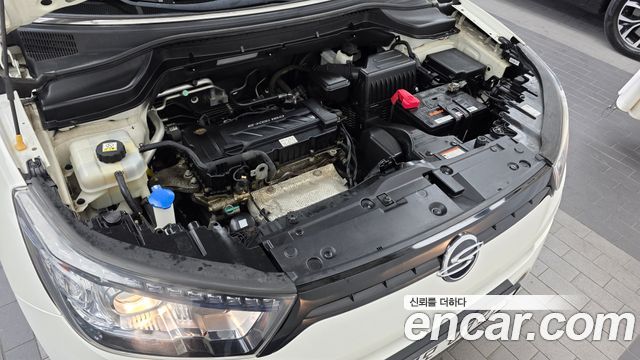 KG Mobility (SsangYong) Tivoli VX 2WD 2017 — фото 6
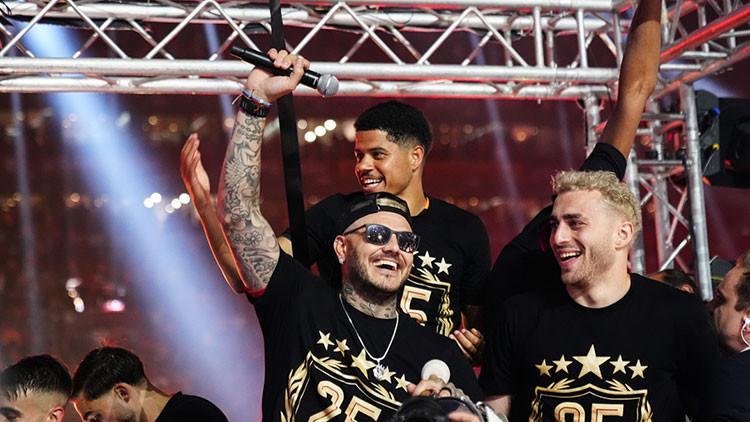Icardi, Hagi ve Popescu şampiyonluğu kutlamaya geldi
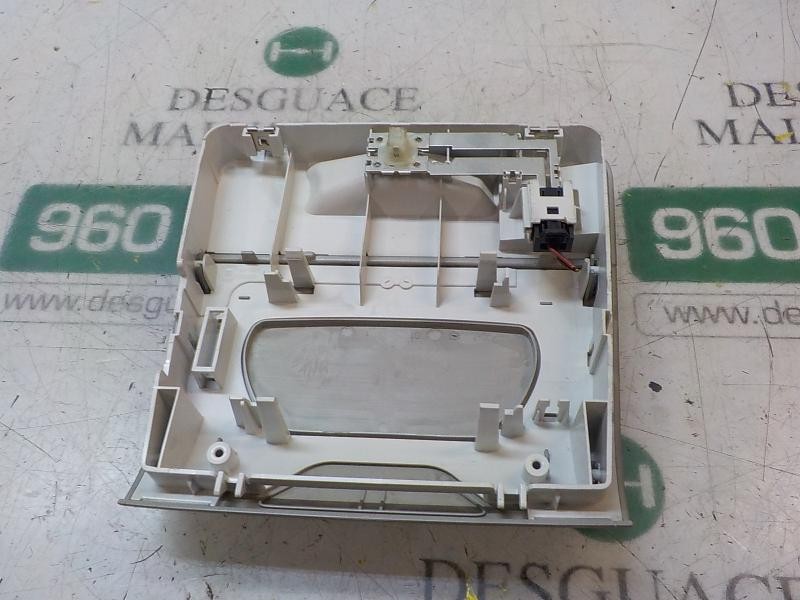 Recambio de piloto interior para bmw serie 3 berlina (e90) 2.0 turbodiesel cat referencia OEM IAM 61319201629  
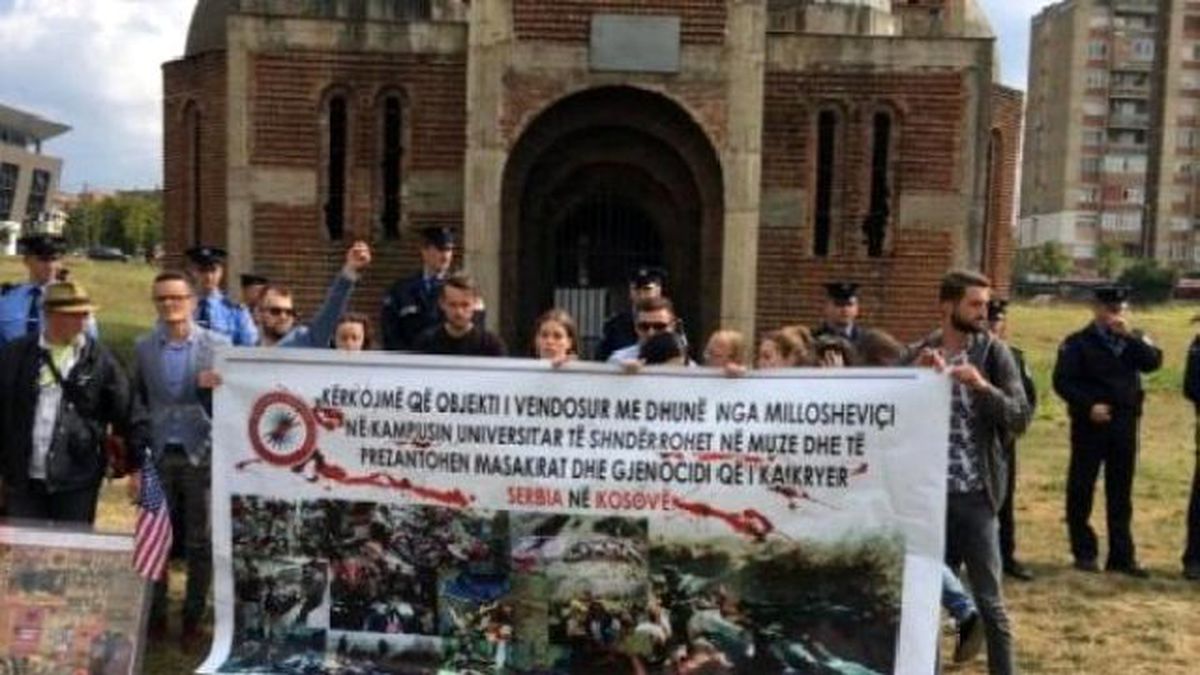 Kampüste Faaliyete Geçecek Kilise Protesto Edildi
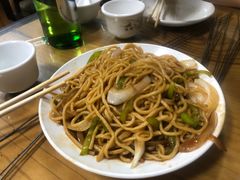 -亨利烧烤(理想山店)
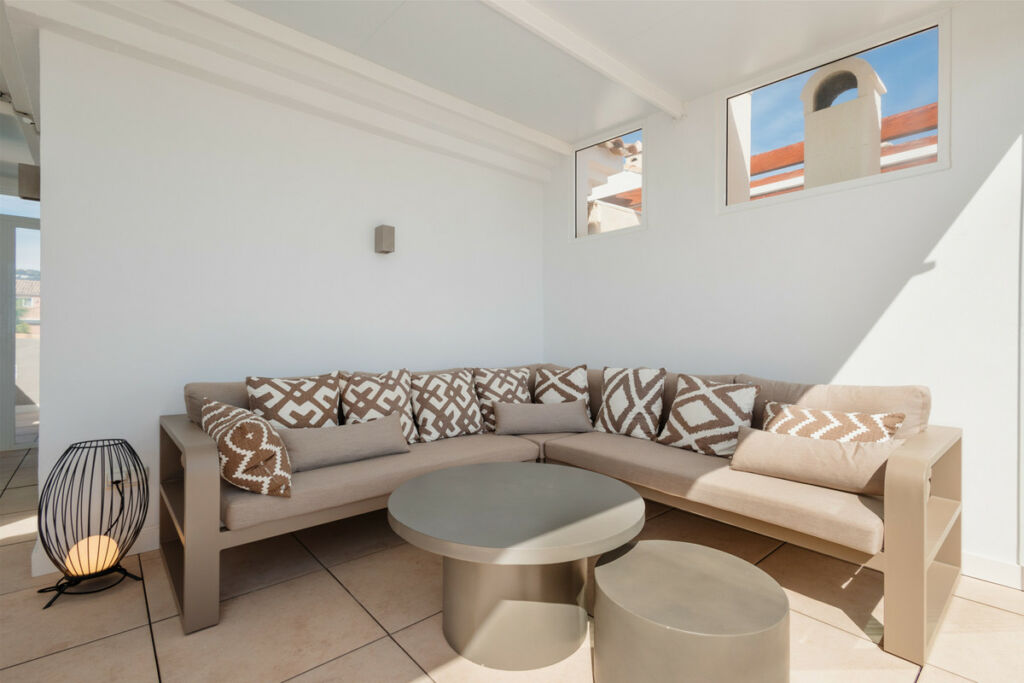 Semi-Detached House Bahía de Marbella Málaga - image 26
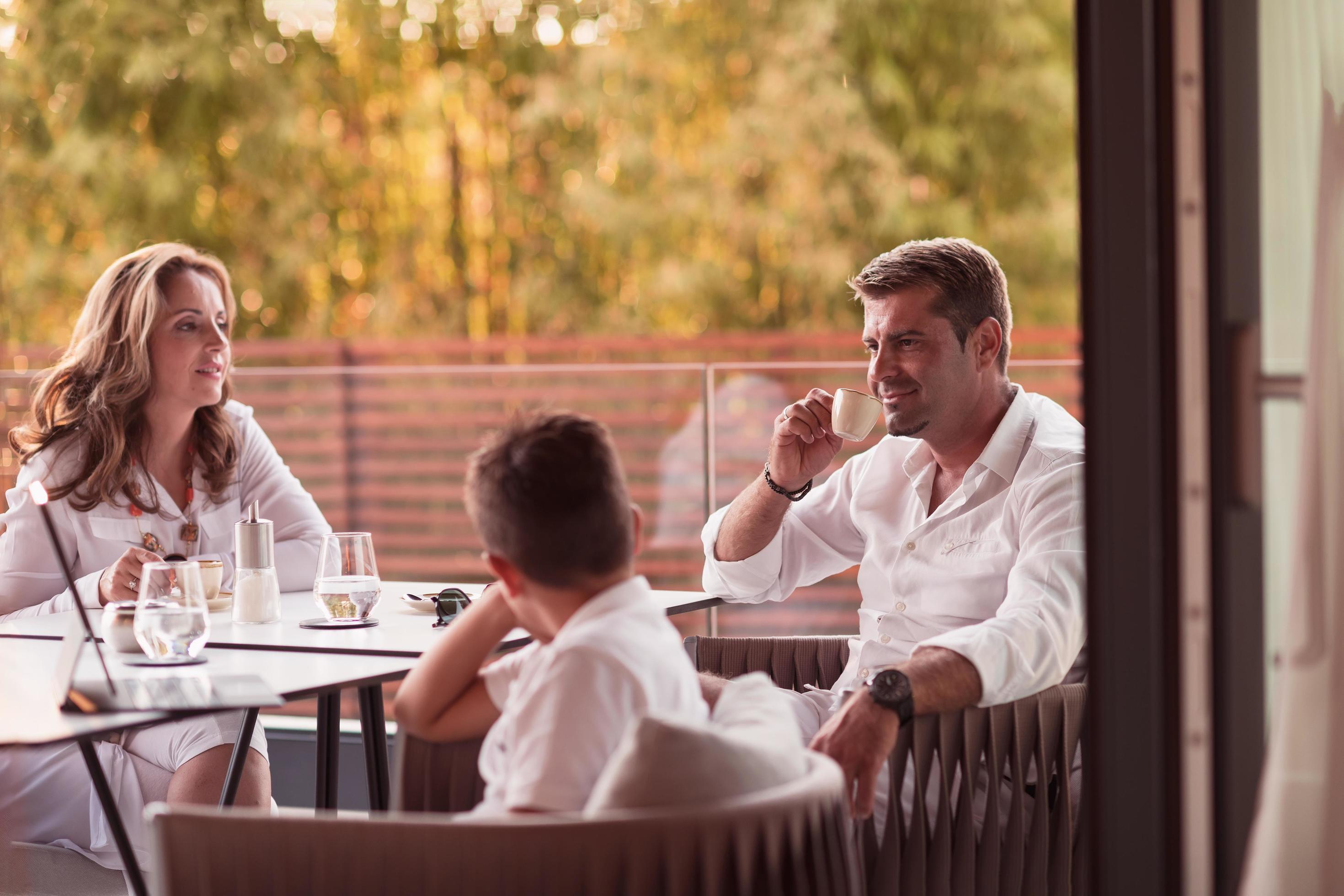 Family enjoying vacation Stock Free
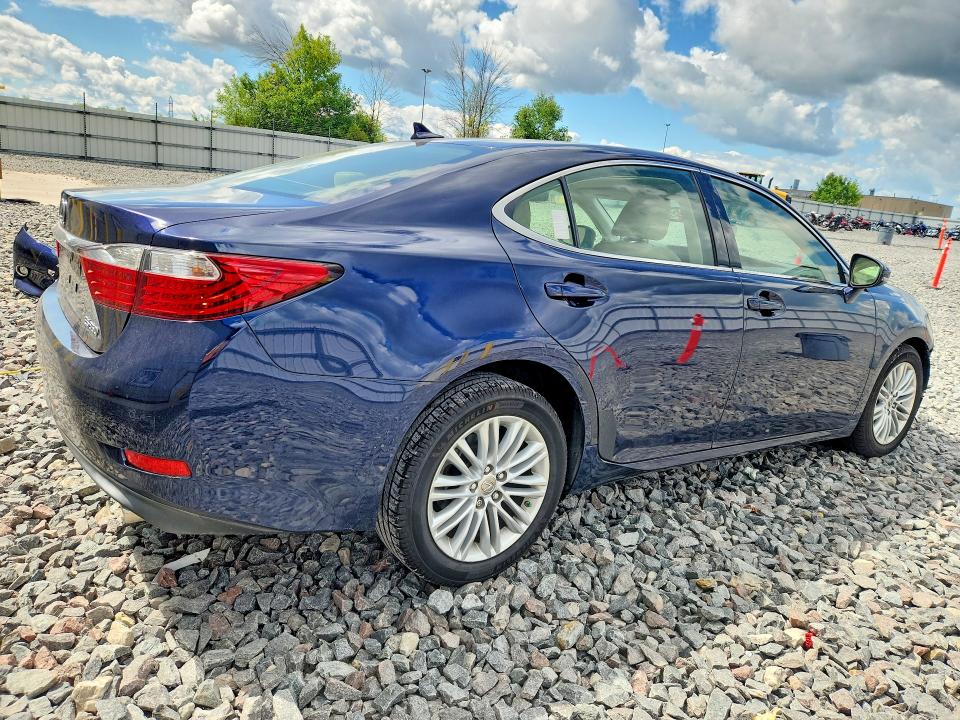 Photo 3 from auction – 2014 LEXUS ES with VIN JTHBK1GG2E2120680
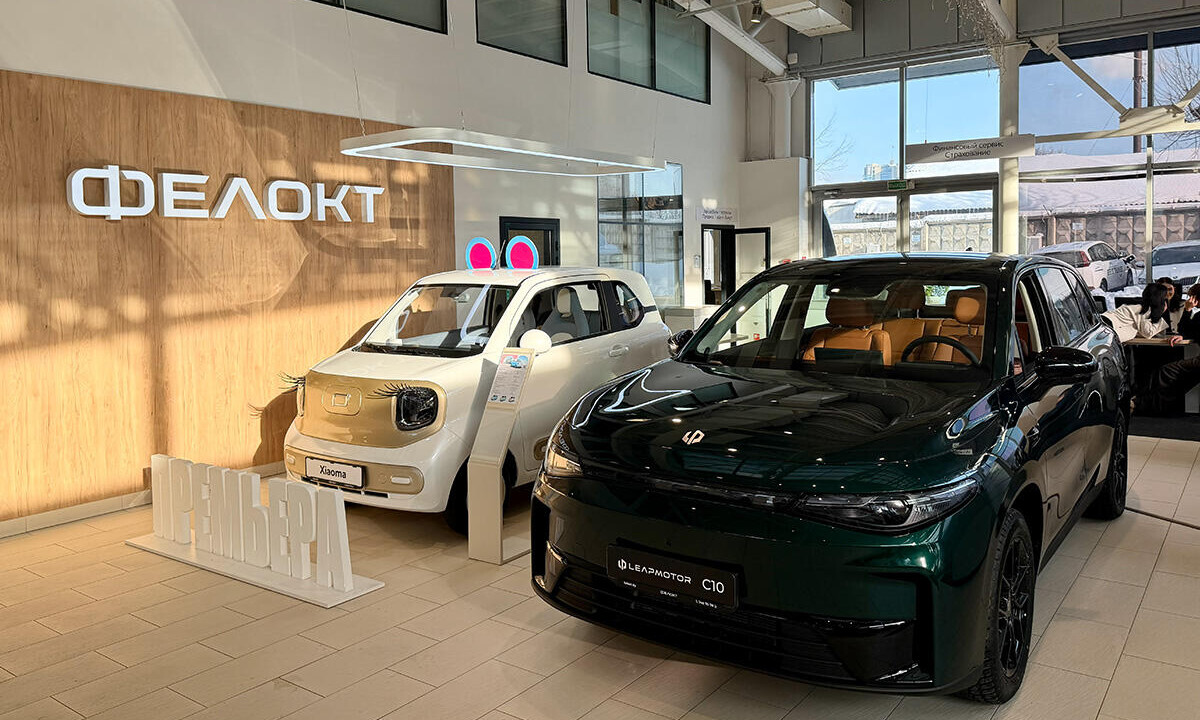 В наличии самые доступные автомобили на рынке. В крупном автоцентре началась грандиозная распродажа новых электромобилей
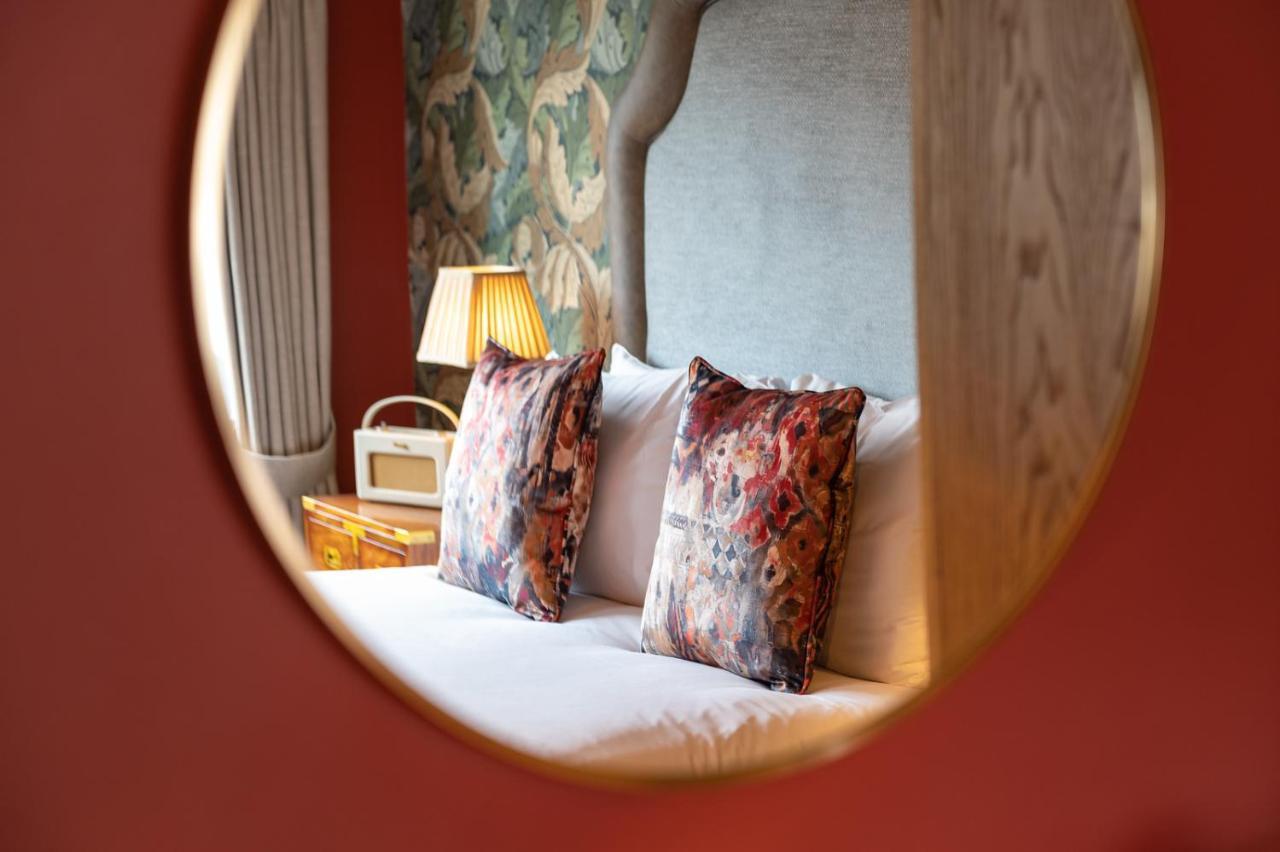The Bear Hotell Bath Exteriör bild
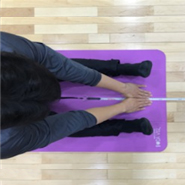 위에서 본 검사자가 허리를 굽혀서 양손을 앞으로 뻗은 모습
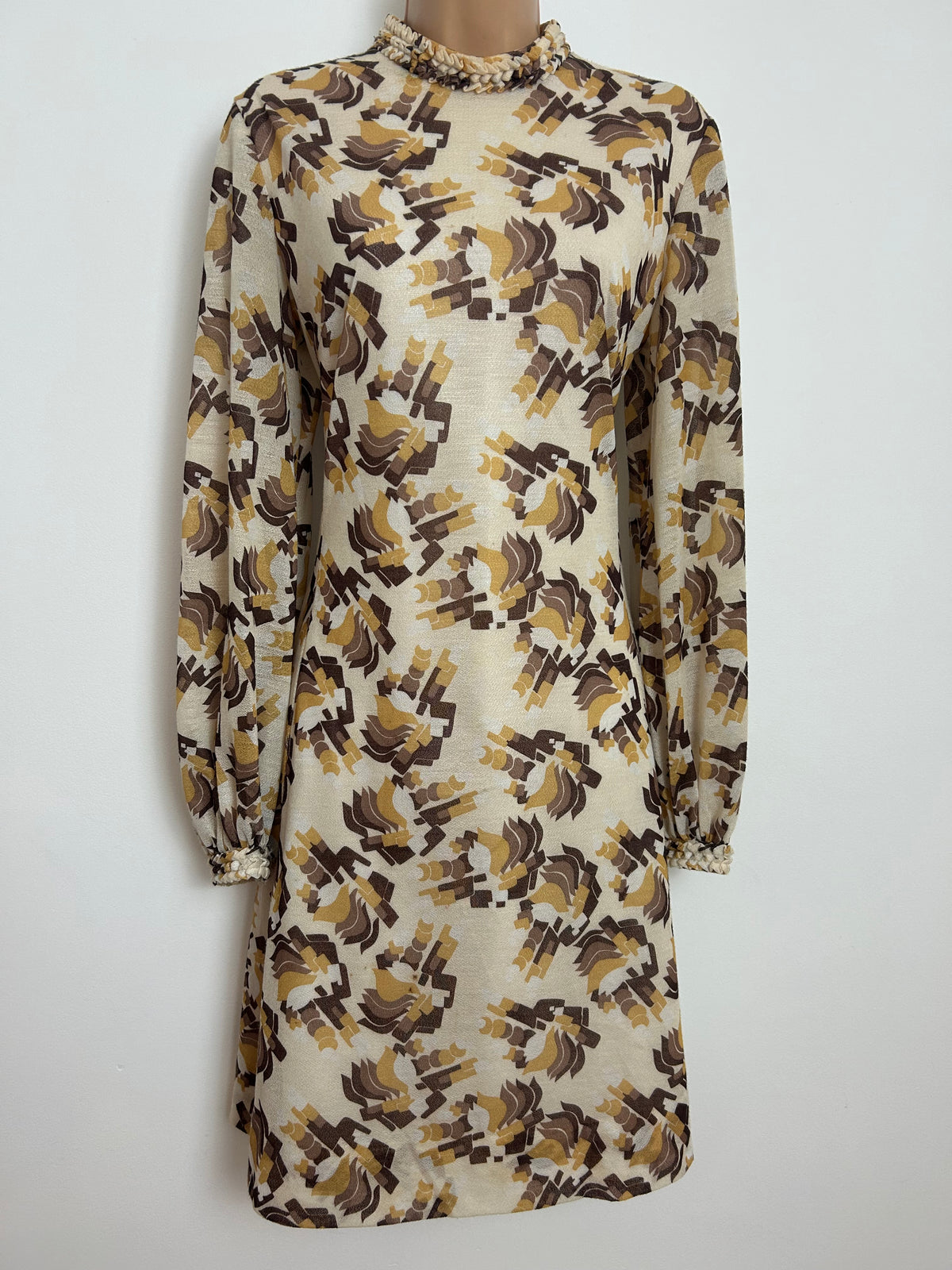 Vintage 1960s Size 12-14 Cream Brown & Mustard Abstract Print Long Sleeve Mod Shift Dress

▶ _How to complete this task_:
Leave every picture out, and repeat exactly the lines from the one containing "Icardi, Hagi ve" through the last line of the entries, both ends included.

▶ _Output below_:
Icardi, Hagi ve Popescu şampiyonluğu kutlamaya geldi
 Recambio de piloto interior para bmw serie 3 berlina (e90) 2.0 turbodiesel cat referencia OEM IAM 61319201629  
 Kampüste Faaliyete Geçecek Kilise Protesto Edildi
 -亨利烧烤(理想山店)
 Semi-Detached House Bahía de Marbella Málaga - image 26
 Family enjoying vacation Stock Free
 Photo 3 from auction – 2014 LEXUS ES with VIN JTHBK1GG2E2120680
 В наличии самые доступные автомобили на рынке. В крупном автоцентре началась грандиозная распродажа новых электромобилей
The Bear Hotell Bath Exteriör bild
 위에서 본 검사자가 허리를 굽혀서 양손을 앞으로 뻗은 모습
 Vintage 1960s Size 12-14 Cream Brown & Mustard Abstract Print Long Sleeve Mod Shift Dress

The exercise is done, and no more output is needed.